▸ TRY IT:
Set down exactly the lines that run from the one containing "Thumbnail: 2025 Hyundai Elantra - 4" to the end of the material below, both included, without pictures.

▸ MATERIAL FOR THE TASK:

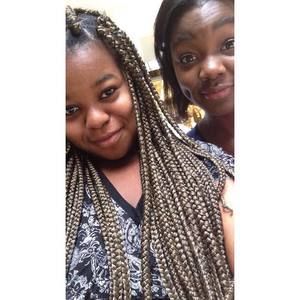 Meet your Posher, Leah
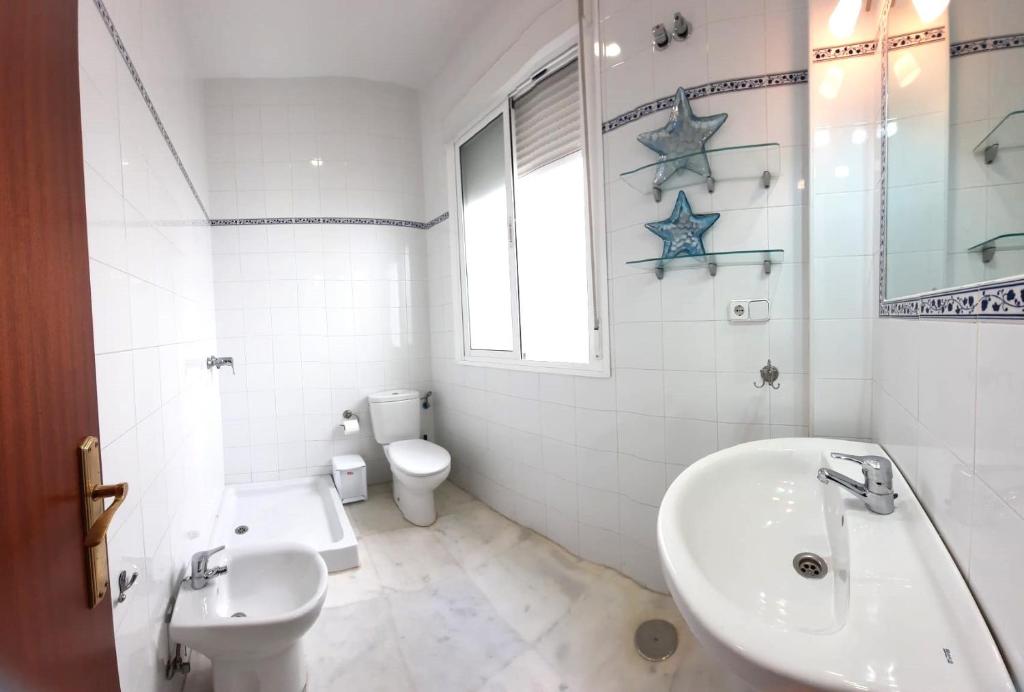 A bathroom at Budget and lovely rooms Las Setas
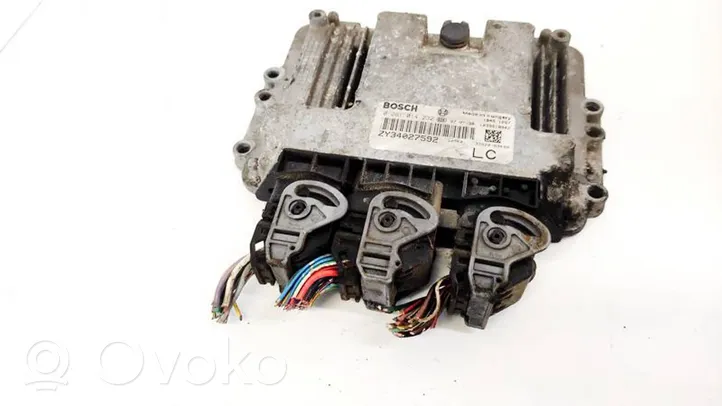 Toyota Yaris Sterownik / Moduł ECU 0281014232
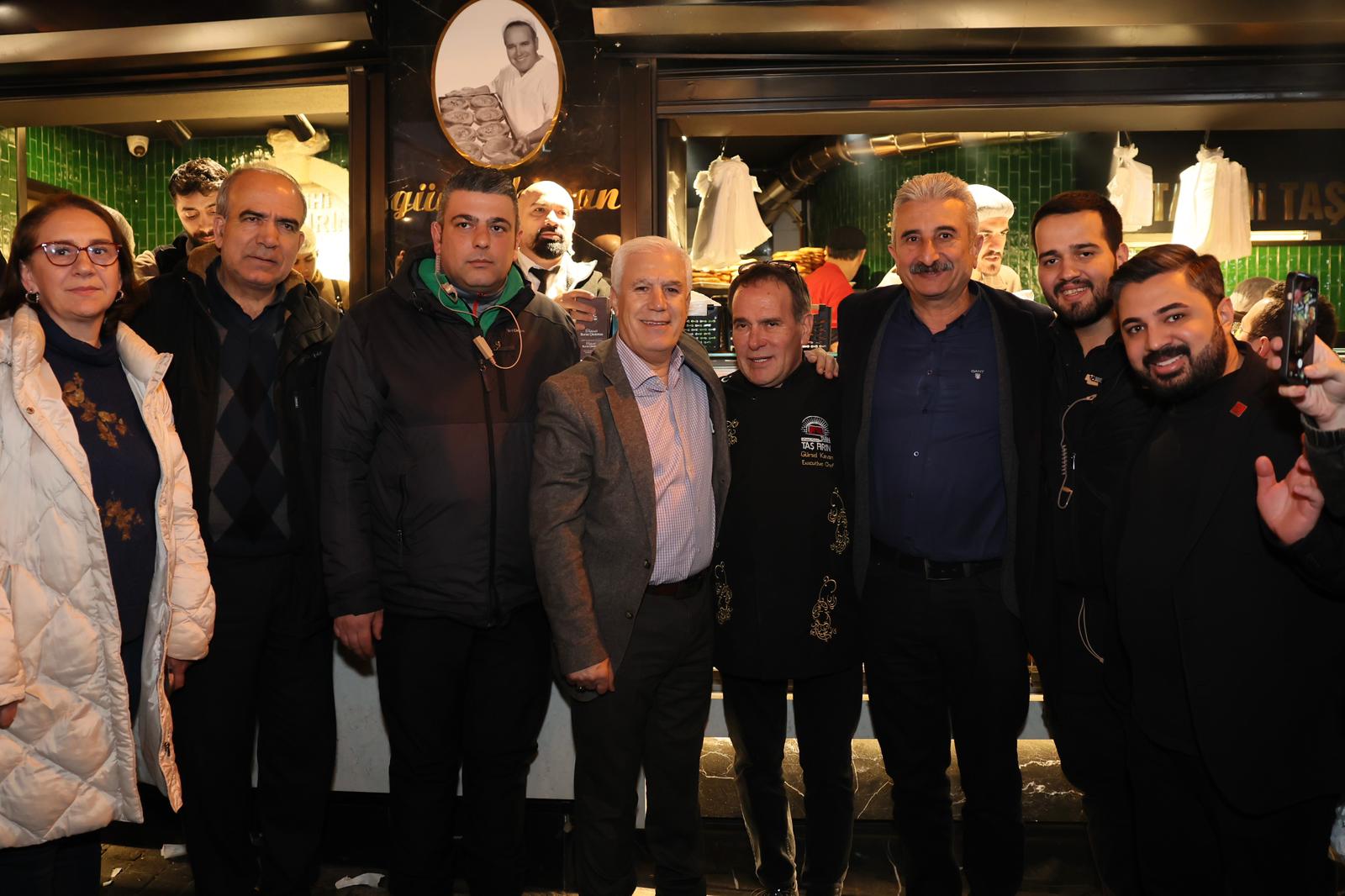 Tahanlı pide ve çaylar Başkan Bozbey'den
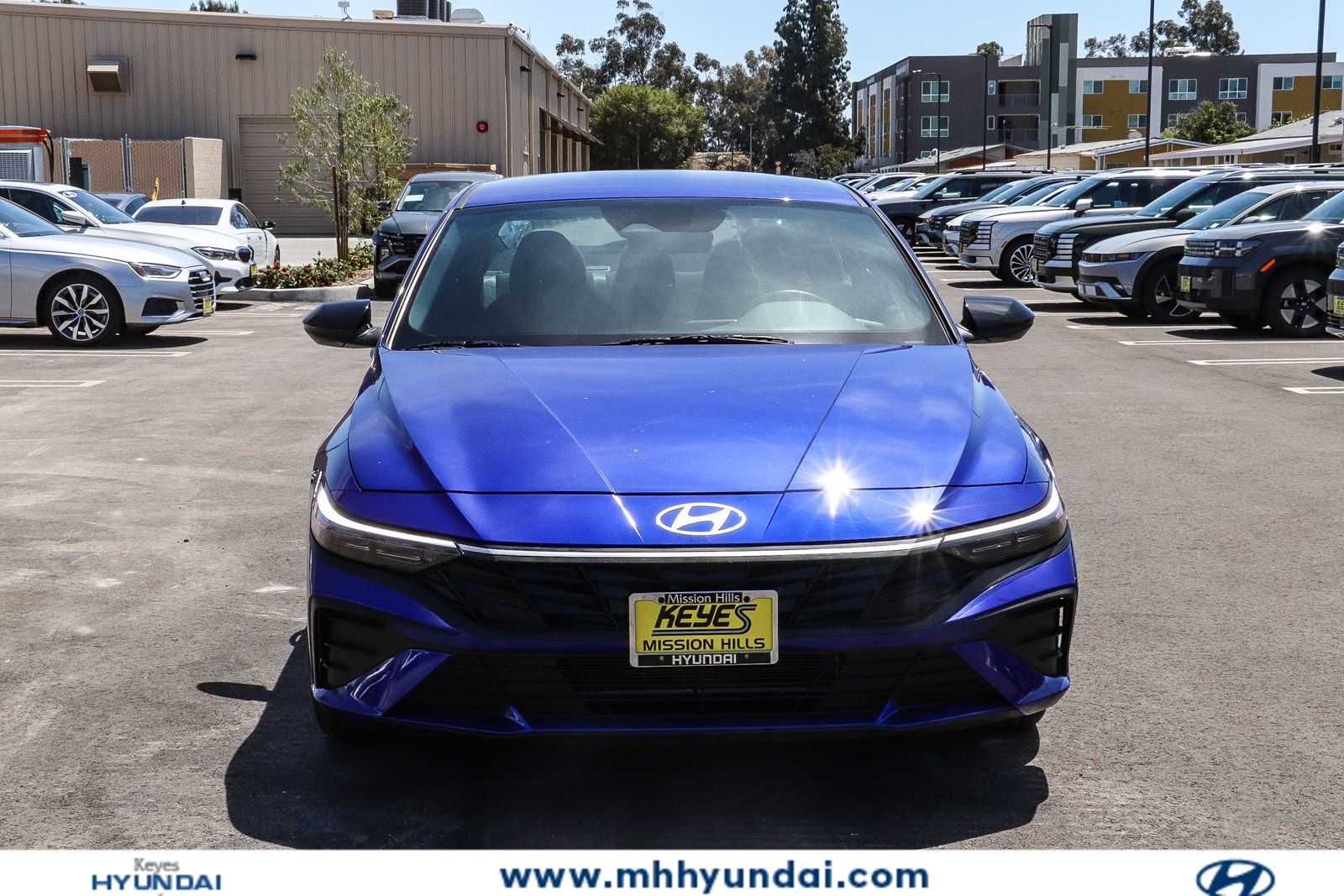 Thumbnail: 2025 Hyundai Elantra - 4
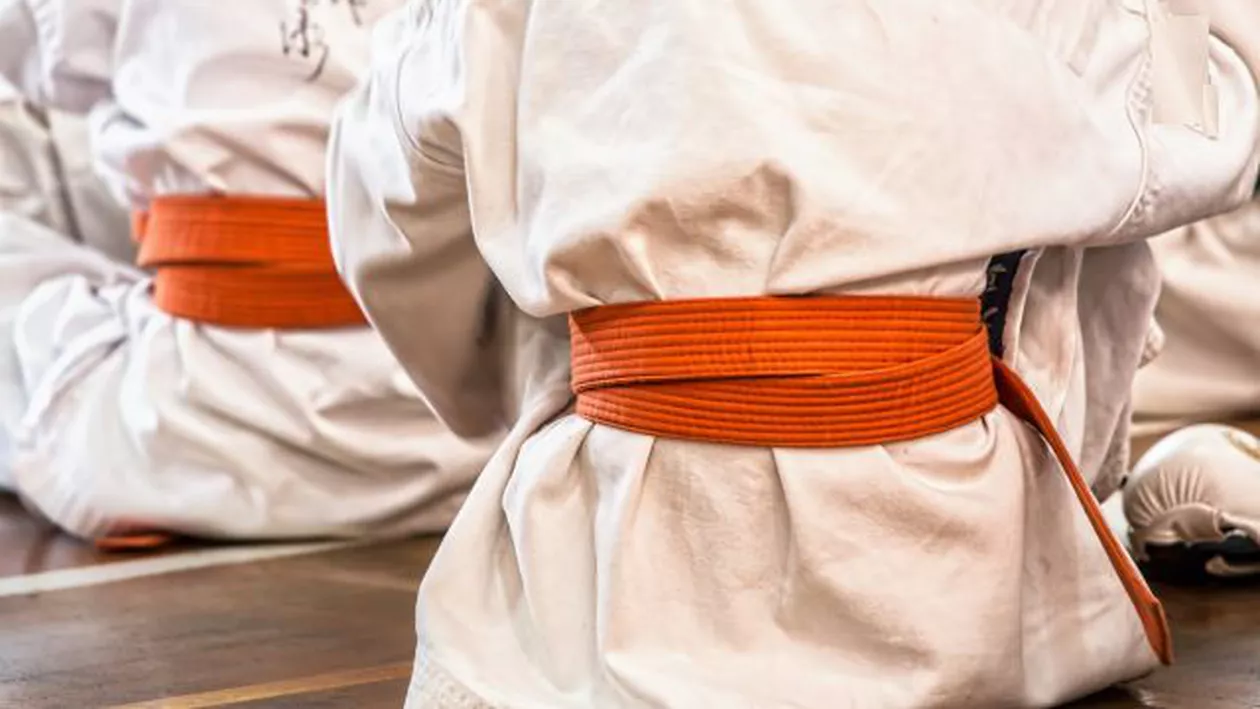 Copii români, membri ai lotului național de karate, blocați în mijlocul violențelor din Chile: Capitala statului sud-american este sub asediu (VIDEO)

▸ OUTPUT:
 Thumbnail: 2025 Hyundai Elantra - 4
 Copii români, membri ai lotului național de karate, blocați în mijlocul violențelor din Chile: Capitala statului sud-american este sub asediu (VIDEO)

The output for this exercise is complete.